When the disciples asked Jesus, “Lord, teach us to pray in the same way that John the Baptist taught his disciples,” Jesus did not give them an outline to follow. He did not say, “It’s adoration, confession, thanksgiving, then supplication.” He said, “When you pray, say…”
He put words in their mouth.
We are prone to think that to be sincere, prayer must be spontaneous. That if I am praying something that has been given to me, it is somehow less of a prayer. But from a biblical perspective, this is exactly what we need.
We need to be schooled. We need to come to prayer with the utmost humility, realizing that we need the master to put words in our mouth.

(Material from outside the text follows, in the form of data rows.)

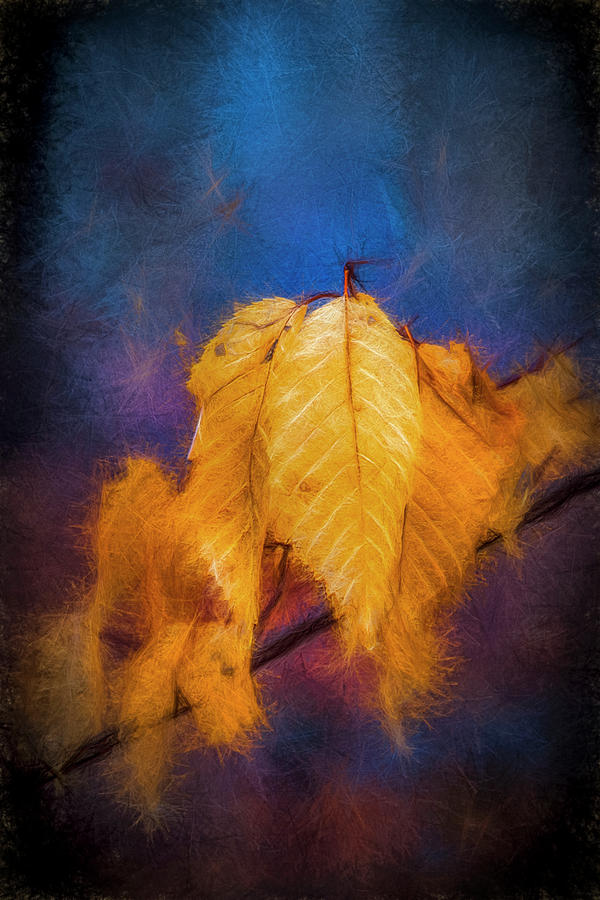 Fall Leaves Digital Art by Celso Bressan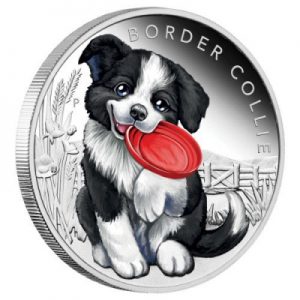 puppies-border-collie-half-oz-silber-koloriert
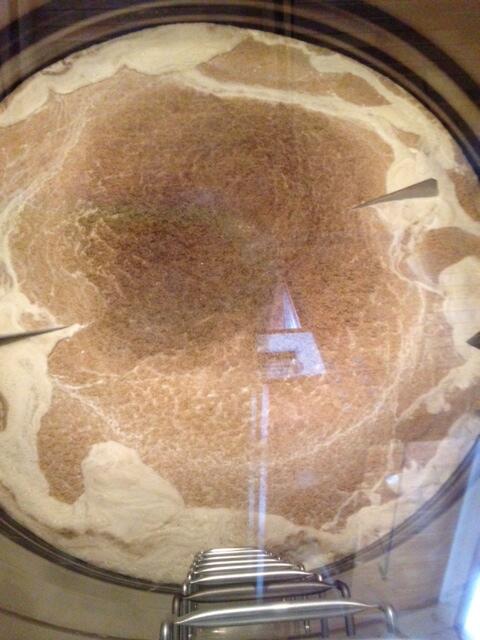 NOLA Brewing tweet media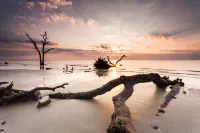 Peaceful Beaufort guest house, perfect for couples or families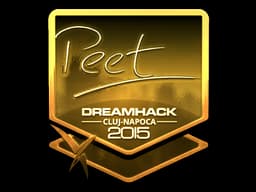peet (Gold) | Cluj-Napoca 2015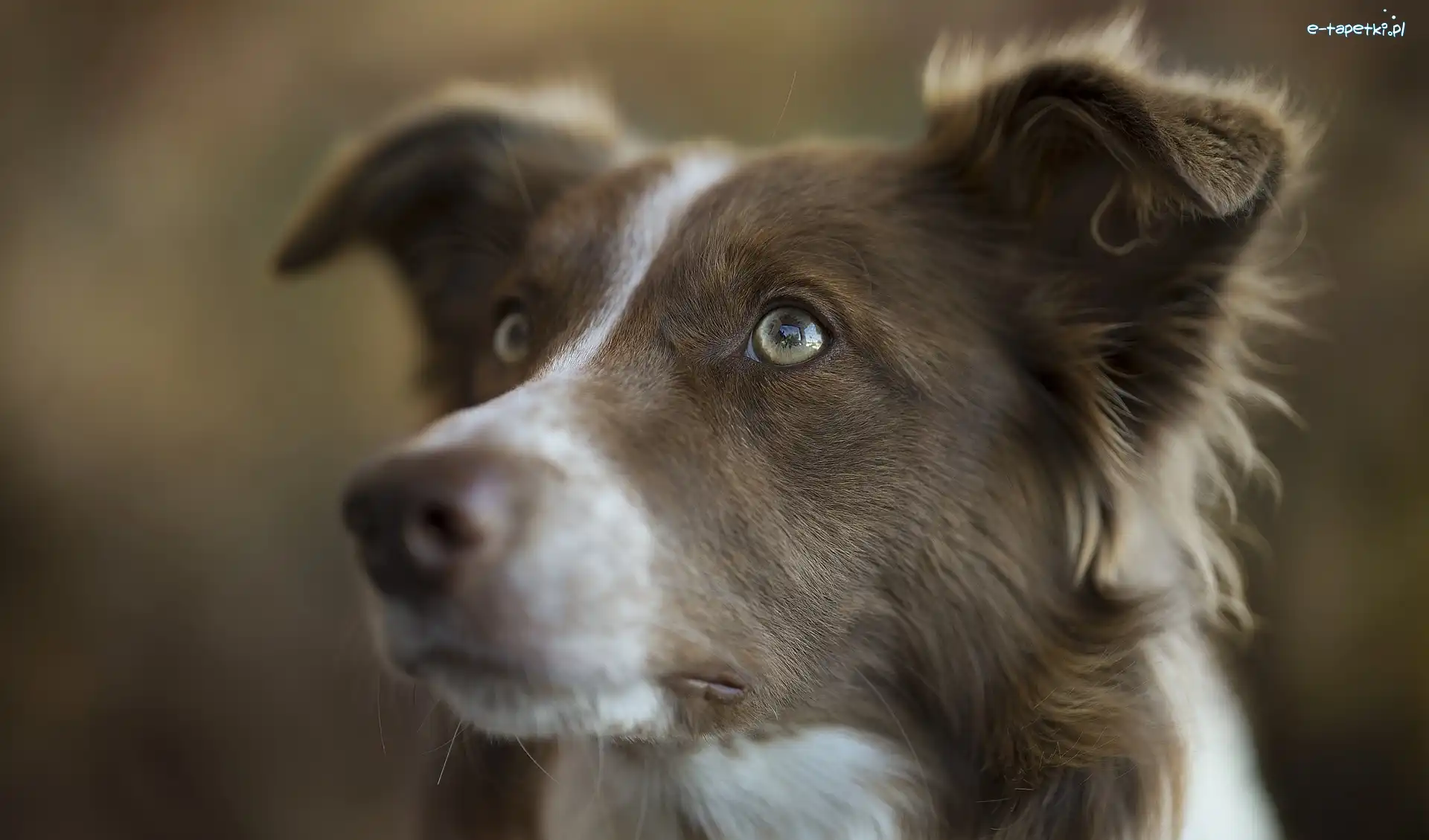 Głowa, Border collie, Pies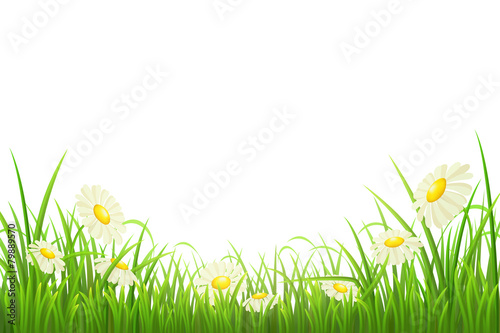 Green grass with daisies on white, vector illustration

Jesus says, “My little children, talk to me and start with my words.”
It makes sense that God would have us start with His word, and not our own. He teaches us to start from a point of inerrancy and infallibility and to pour out our prayers through His perfect word.
When it comes to prayer, we all think we are more mature than we are. We must come to prayer with the utmost humility, with the expectation that we need to be taught. And this is rooted in scripture. There is no one book of the Bible dedicated exclusively to evangelism, giving, or serving in the church; but we do have a book dedicated entirely and exclusively to praying. If we read the book of Psalms prayerfully, it would expand our grasp of prayerful thinking and thoughtful praying. Arguably the most famous prayer in the whole book of Psalms is Psalm 23. David doesn't make a single request. All he says is “the Lord is my shepherd.” He must start there. We must start there.
Please don't hear me saying I am against spontaneous prayer. I am not. I simply believe we need to learn from people like David, Asaph, and Cora, who knew God better than we do. Instead of starting with spontaneity and somehow stumbling into some measure of accuracy, we must grow into spontaneity after His inerrant and infallible words in our mouths.